In Sicilia c’è la peggiore scuola e la peggiore giustizia d’Italia, ma i governati autoctoni “salgono” a Roma per reclamare piccioli da spendere, non prestazioni per i cittadini. S’è data dei siciliani l’immagine di una popolazione dedita alle gozzoviglie, contando sulla spesa pubblica, nella realtà c’è la più bassa spesa mensile familiare d’Italia, inferiore dell’11 per cento a quella del Mezzogiorno. La spesa pubblica regionale ha prodotto miseria. Non è escluso che ciò richieda rappresentanti miseri.

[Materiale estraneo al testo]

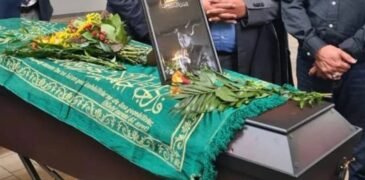 Umer Sharif Laid to Rest in Karachi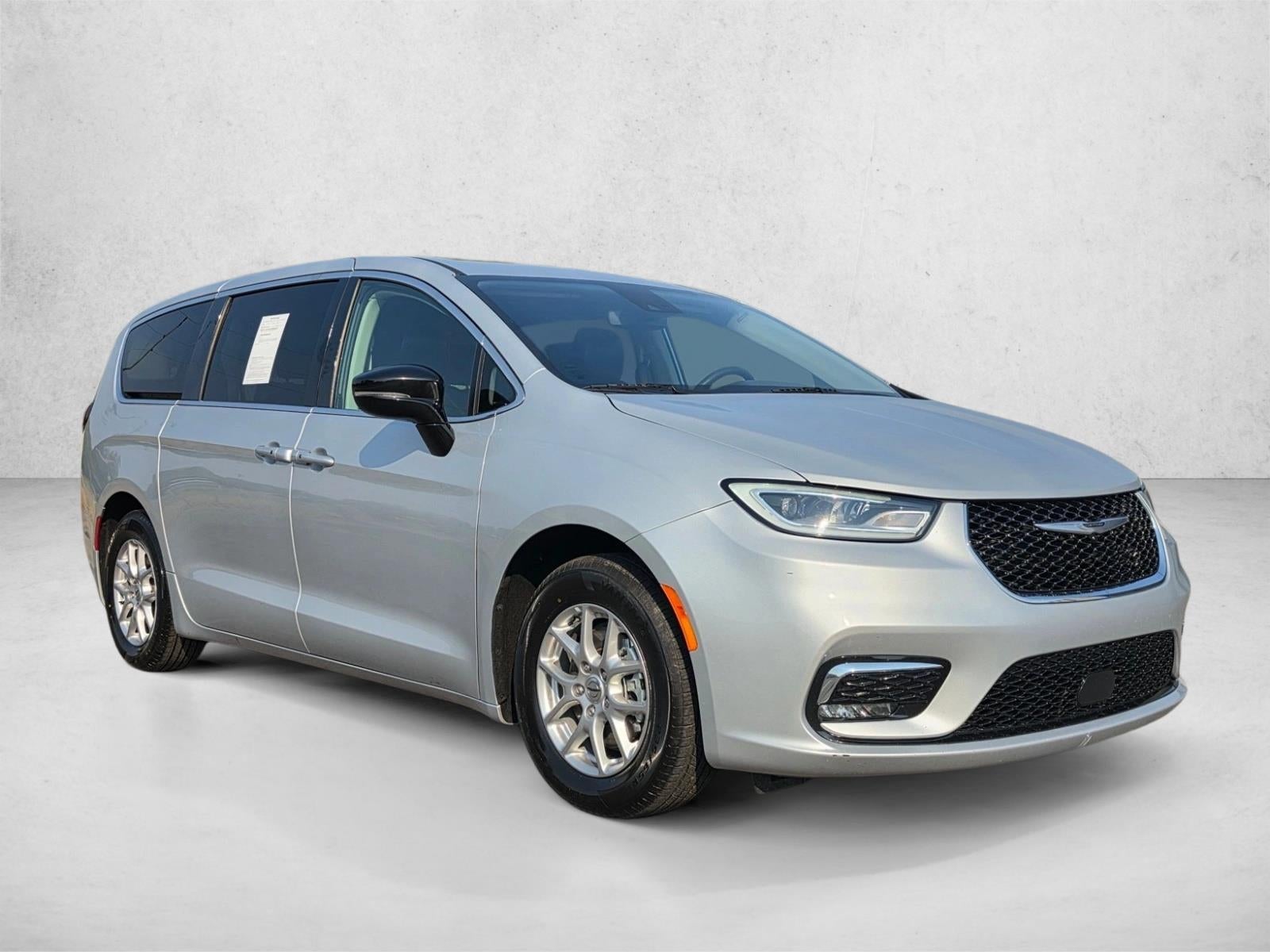 2024 Chrysler Pacifica Touring L FWD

Date alla Sicilia quattro cose, e la vedrete volare: legalità, deburocratizzazione, defiscalizzazione e meritocrazia. Bestemmie, lo so. Ma se ci teniamo il teatro delle inchieste e l’astinenza dalle sentenze; una burocrazia regionale che più costa, più assume e più inventa funzioni che umiliano il mercato e i cittadini; una fiscalità strozzina e incapace di guardare agli immensi spazi interni, che potrebbero essere sede d’innovazione e ricerca, attirando capitali dal mondo; una uniformità (d)istruttiva che fa fuggire i giovani, lascia disoccupati i diplomati professionali, omogenizza nella mancanza di competizione e, quindi, favorisce i favoriti, perdendo la possibilità di divenire isola universitaria e meta d’eccellenza; se ci teniamo questa roba produrremo solo impoverimento economico, culturale, politico e civile.

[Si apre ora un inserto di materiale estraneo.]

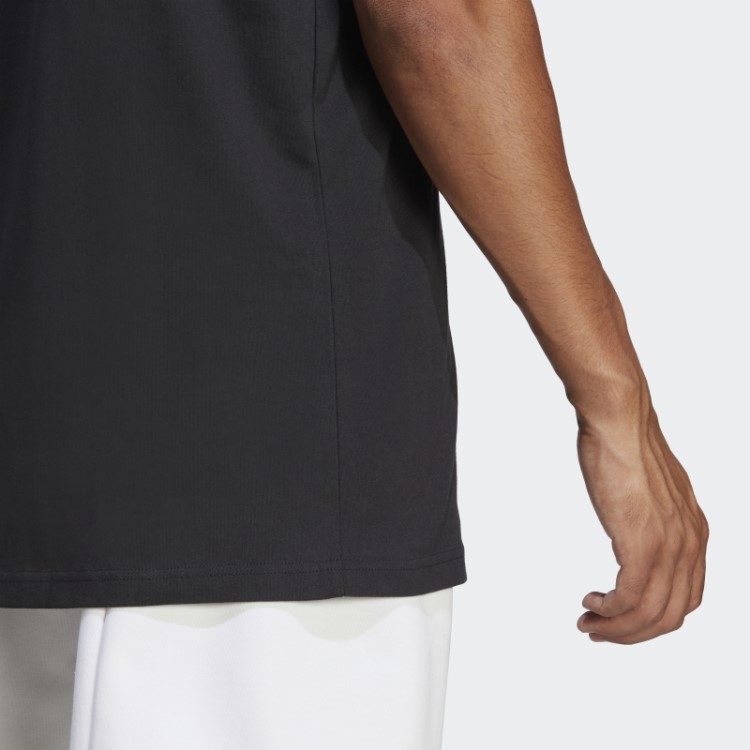 Distintivo De ícones Do Futuro Preto Da Camiseta Esportiva Adidas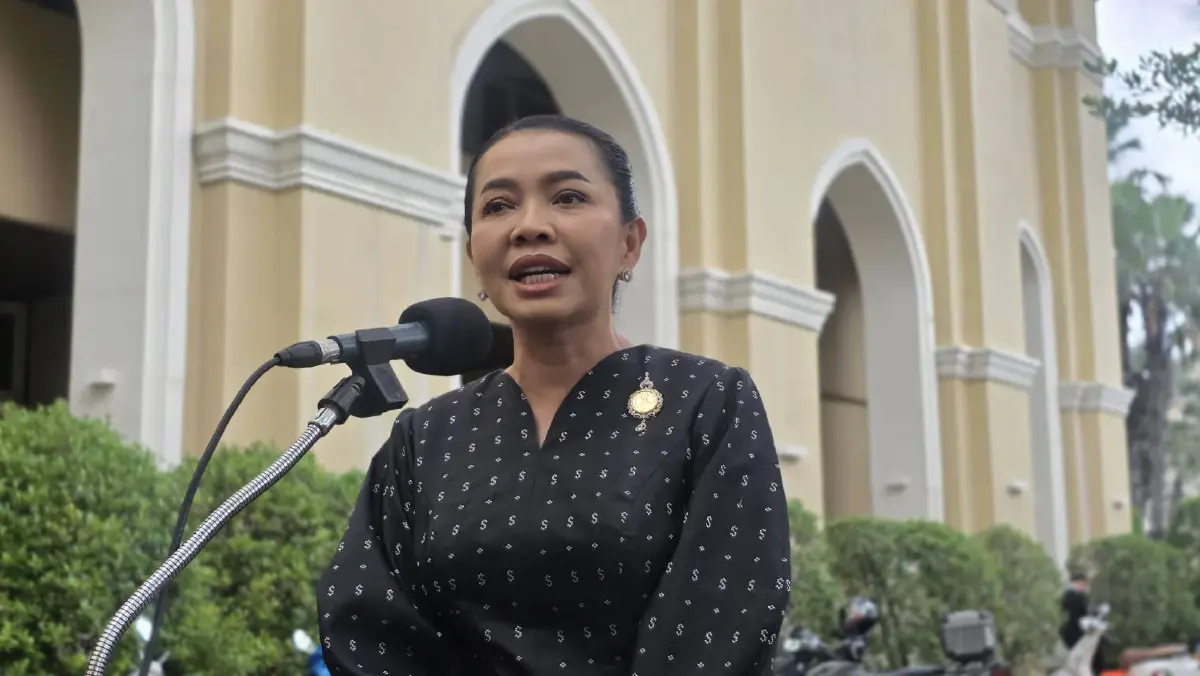 “สุขสมรวย” อวยพรกลับ “ไอซ์ รักชนก” ถือว่าเจ๊ากัน แจงจ่อฟ้อง “ทนายอั๋น” เรื่องใหม่ ไม่หวั่นศึกซักฟอก ยันไม่ต้องติว พร้อมชี้แจงทุกประเด็น!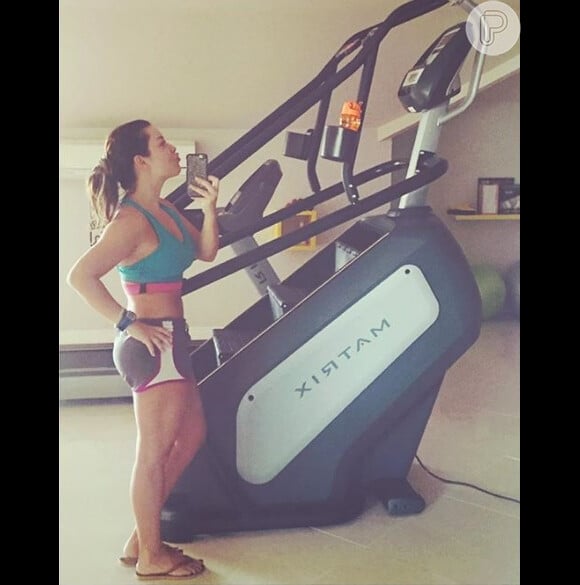 Fernanda Souza mostrou o progresso de seu corpo desde que começou sua rotina regrada de exercícios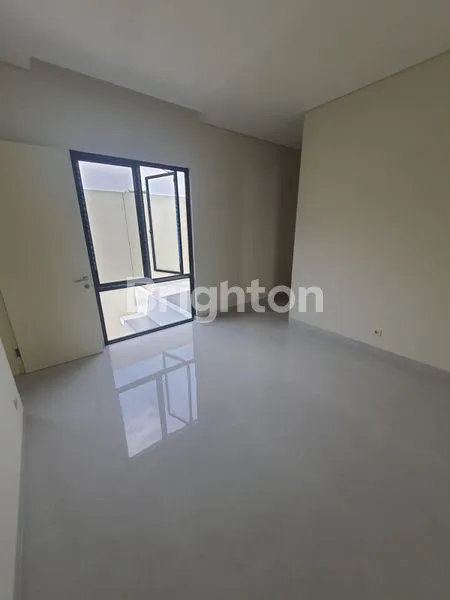 image RUMAH WOODLAND CITRALAND GRESS (4)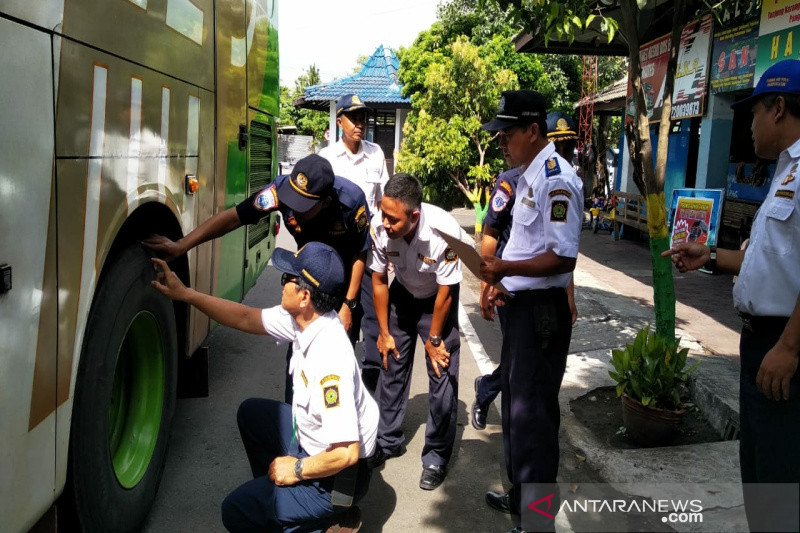 Dishub Kulon Progo periksa kelaikan bus masuk Terminal Wates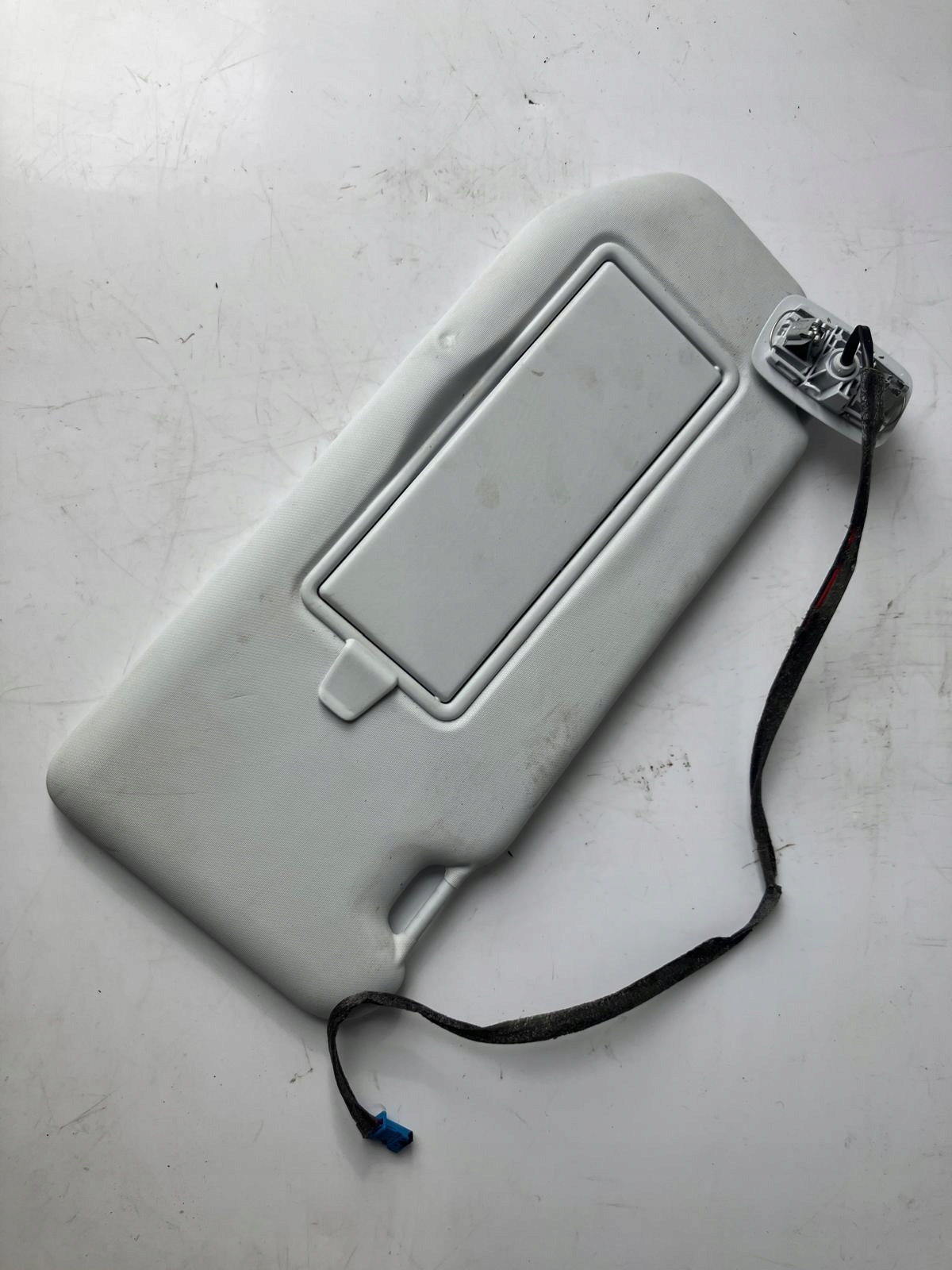 cover PRZECIWSLONECZNA left PEUGEOT 308 T9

Quell’impoverimento genere il trasformismo che abbiamo davanti. Dando vita a un bipolarismo direttamente capitanato dagli estremisti, ma oramai svuotati d’ogni coloritura. Sicché il candidato comunista proclama l’astinenza in caso d’elezione, e il candidato fascista chiama all’unità contro tale intento. Roba seria, roba grossa. E se ti azzardi a dire: vi siete bevuti il cervello, quelli ti rispondono: hai dei pregiudizi, non conti nulla, il potere siamo noi. Il sistema dell’informazione, del resto, li aiuta. E le forze sane, produttive, desiderose di cambiamento? Ci sono. Ma non si vedono. Di sicuro non si sentono. Ciascuno diffida di tutti, restando inerte.

Diranno i non siciliani: peggio per gli isolani, a noi che importa? Vi importa, miei cari, perché Sciascia non era mica un fenomeno dialettale, è stato uno dei più grandi intellettuali europei. E vide giusto: la Sicilia come metafora. Un’Italia al cubo, dico io. Forse vale la pena provare a evitare quel che sta per avvenire.